By Samuel D. Hunter; Directed by Davis McCallum

Off Broadway, New Play
Extended through 6.21.14
Rattlestick Playwrights Theater, 224 Waverly Place

 

by Jason Rost on 5.9.14

The FewMichael Laurence and Tasha Lawrence in The Few. Photo by Joan Marcus.

 

BOTTOM LINE: A captivating portrait of the lonely life of people who write about the loneliness of truckers who sometimes swerve off the road. 

Samuel D. Hunter knows loneliness. Specifically, he knows loneliness in Idaho. As the playwright of last season’s award winning play The Whale, he mined the life of a morbidly obese gay online English professor living in the same portion of the country. There’s something about Hunter’s Northern Idaho roots that transcends to stages in New York and elsewhere. It’s his nuanced crafting of isolation and his empathy with characters on the fringe of American affluence. With The Few, now playing at Rattlestick Playwrights Theater in a methodically directed production by Davis McCallum (director of The Whale), Hunter explores the lives of three people connected through a newspaper for the loveless and lonely truck drivers that pass through their small Idaho town.
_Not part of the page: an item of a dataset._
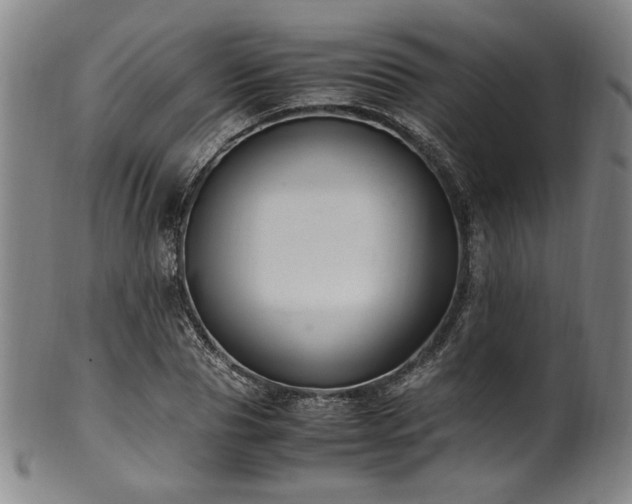 X0000100350929200806061111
The Few comes to Off Broadway via a production at the Old Globe in San Diego. It has kept two of the same actors (Gideon Glick and Michael Laurence), and is rounded out with the addition of Tasha Lawrence (also from The Whale).  Together with McCallum's direction and Hunter’s intimate and textured dialogue we get characters that are instantly recognizable and yet a world away. Hunter’s mechanisms and plot devices get in the way occasionally, but the attention to characterization keeps us transfixed with the trio through the end.

The year is 1999; we know this by Dane Laffrey’s impressively detailed set complete with clunky CRT monitors running Windows 98 screensavers. QZ (Lawrence) is running  a newspaper known as “The Few” which was once a source of comfort and connection for truckers in the region. She has since turned the paper into essentially a collection of personal ads for the companion-seeking drivers, described at one point as “Hot Trucker Monthly.” She writes one actual column a week along with the made-up horoscopes.

At the top of the play QZ is reading her latest report on Y2K which “could quite possibly plunge us into a worldwide depression.” Bryan (Laurence) embodies a good deal of that depression. As one of the original founders of “The Few” he has returned after a mysterious four year disappearance which left his ex-girlfriend and ex-partner QZ alone. Bryan left just two days after the funeral of their third partner, Jim who committed suicide behind the wheel killing a family on his way out.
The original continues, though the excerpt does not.